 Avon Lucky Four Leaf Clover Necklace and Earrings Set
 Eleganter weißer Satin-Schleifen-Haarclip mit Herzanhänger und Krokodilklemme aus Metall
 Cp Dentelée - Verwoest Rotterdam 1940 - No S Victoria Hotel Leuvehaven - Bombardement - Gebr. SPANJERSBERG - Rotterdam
--
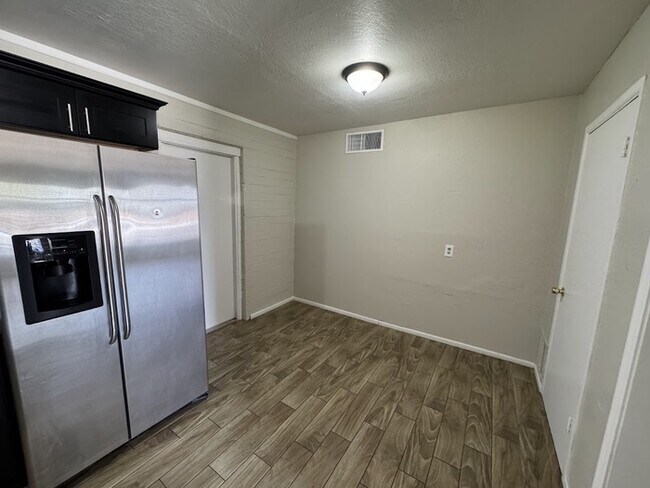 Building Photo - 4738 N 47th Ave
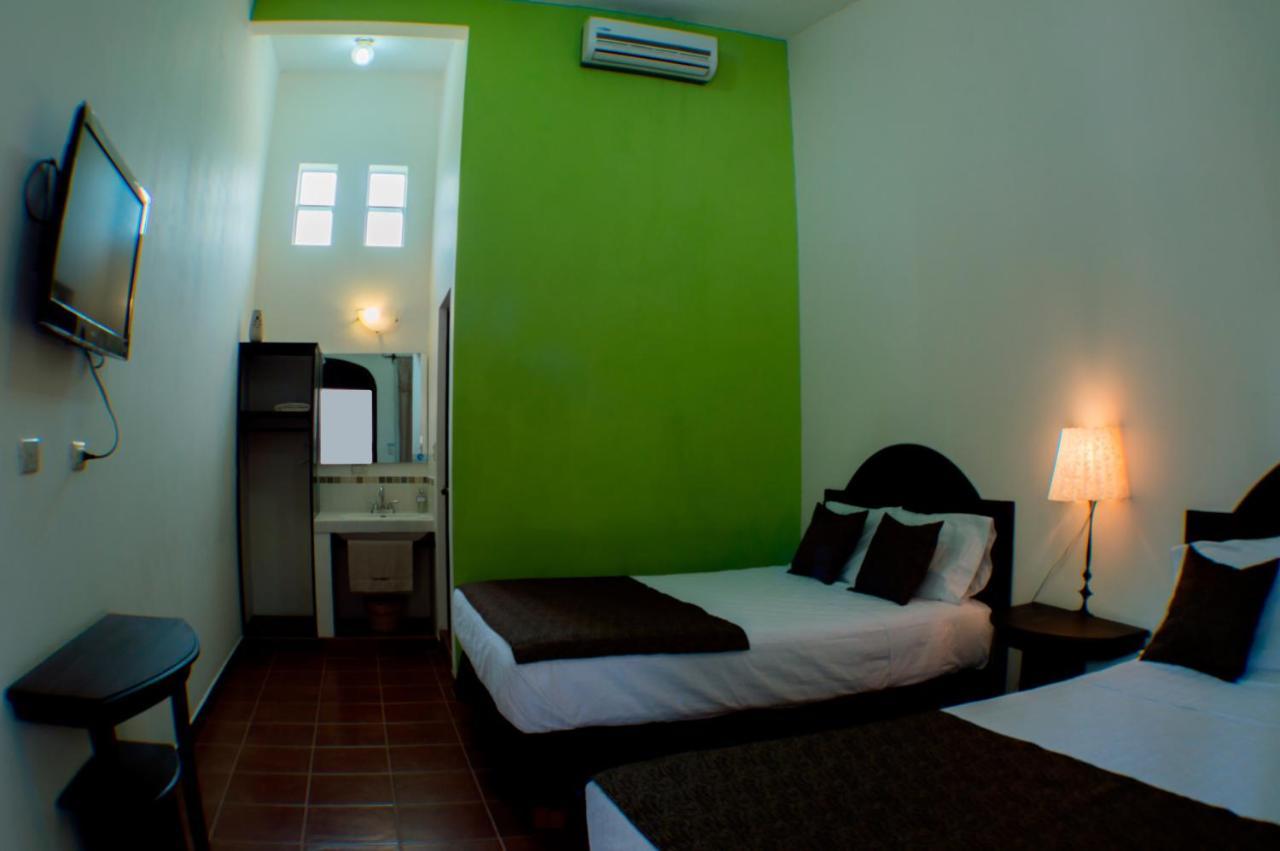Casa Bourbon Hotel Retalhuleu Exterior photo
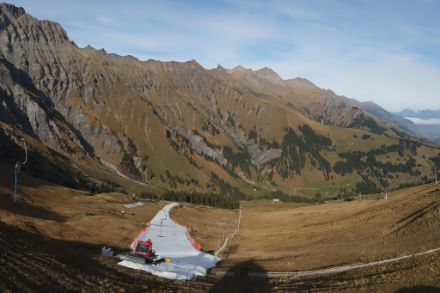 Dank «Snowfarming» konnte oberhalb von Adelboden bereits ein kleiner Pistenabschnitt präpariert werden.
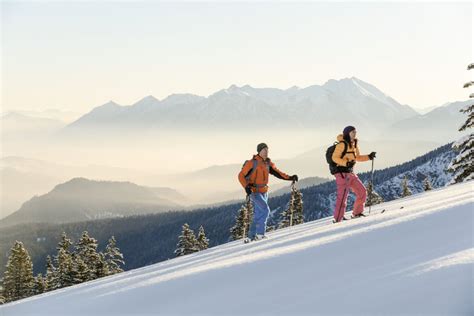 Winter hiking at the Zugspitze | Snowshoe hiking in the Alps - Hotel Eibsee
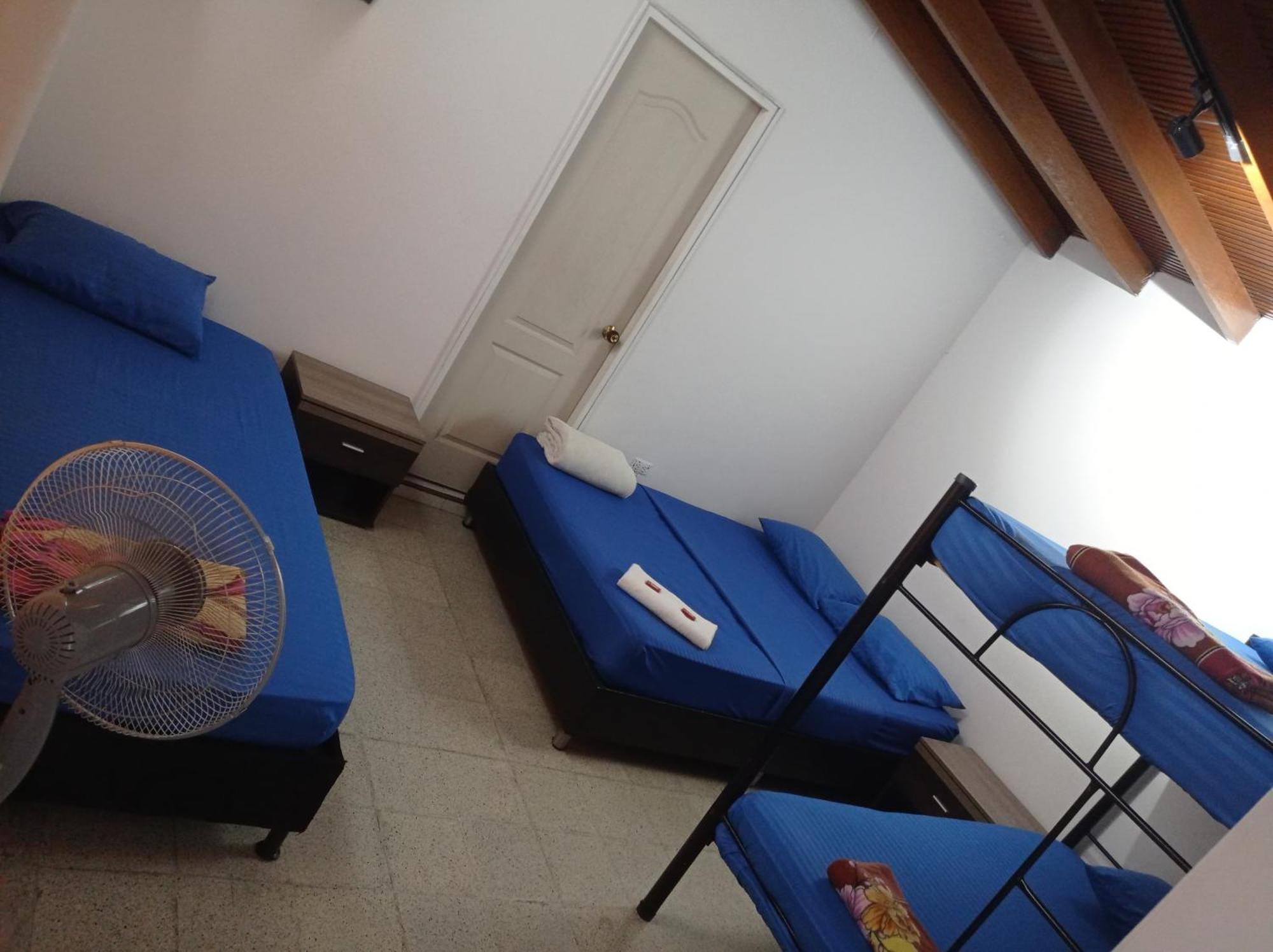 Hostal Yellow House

YOUR TASK :: Repeat exactly, and only, the entries from the line with "Pistenabschnitt präpariert werden." through the line with "Hostal Yellow House". Pictures are skipped.

REPLY ::
 Dank «Snowfarming» konnte oberhalb von Adelboden bereits ein kleiner Pistenabschnitt präpariert werden.
 Winter hiking at the Zugspitze | Snowshoe hiking in the Alps - Hotel Eibsee
 Hostal Yellow House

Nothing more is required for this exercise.